Keputusan Indosat untuk mengadopsi AI sebagai inti dari strategi bisnisnya juga menunjukkan komitmen perusahaan dalam menghadapi persaingan global. Selain itu, penggunaan AI di sektor telekomunikasi juga diyakini dapat meningkatkan efisiensi operasional, memberikan pengalaman pelanggan yang lebih baik, serta membuka peluang inovasi yang lebih luas. Hal ini sebagaimana juga turut menjadi strategi pertumbuhan bisnis mereka pada 2025.
Sebelumnya, Vikram Sinha President Director & CEO Indosat, mengungkapkan jika perusahaannya tidak hanya akan memanfaatkan AI untuk sekadar promosi, tetapi juga berinvestasi dalam pengembangan teknologi dan talenta lokal guna menjadikan Indonesia sebagai produsen AI.
"Kesuksesan AI bergantung pada investasi dalam talenta lokal dan pengembangan kapabilitas.
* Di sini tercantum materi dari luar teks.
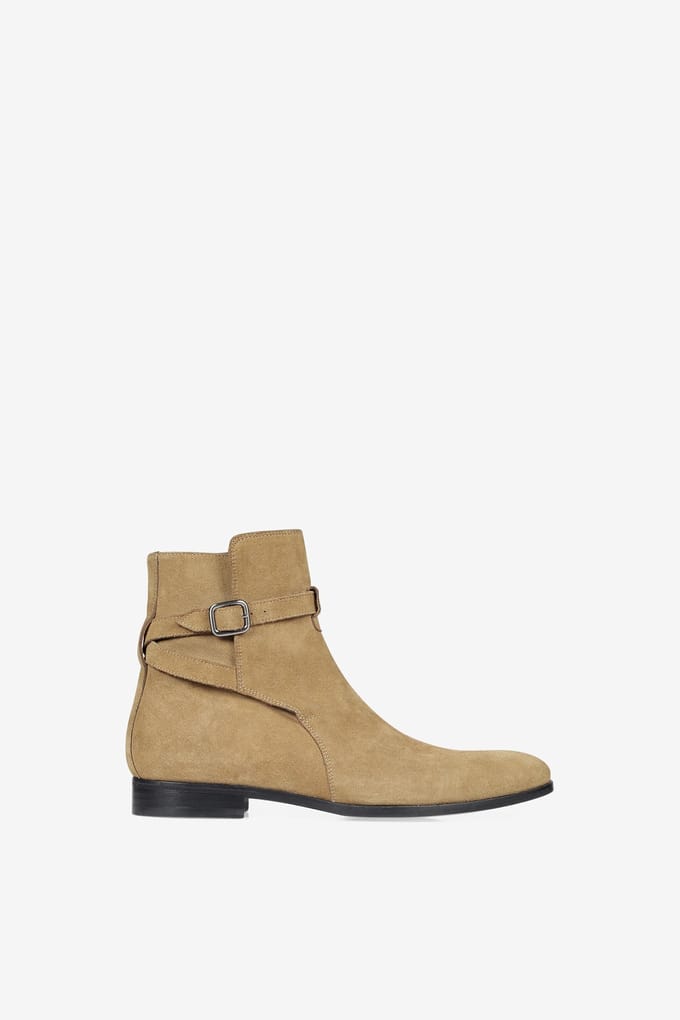IRO Paris Johd Suede Low Boots Beige Größe: 44 | Stiefel Outlet | Herren | Braun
Itulah fokus utama kami di Indosat. Kami berkomitmen untuk melatih 1 juta talenta AI dalam waktu tiga tahun, dan itu adalah komitmen minimum. Saat ini, kami sedang bekerja untuk meningkatkan angka tersebut," jelas Vikram dalam Media Update Full Year 2024 Result yang diadakan secara daring, Senin (10/2/2025).
Transformasi berbasis AI ini juga didukung oleh investasi pada 2024, di mana belanja modal Indosat mencapai Rp9,937 triliun, dengan 82,7% dialokasikan untuk peningkatan jaringan seluler guna memenuhi kebutuhan yang terus berkembang terhadap layanan digital berbasis AI.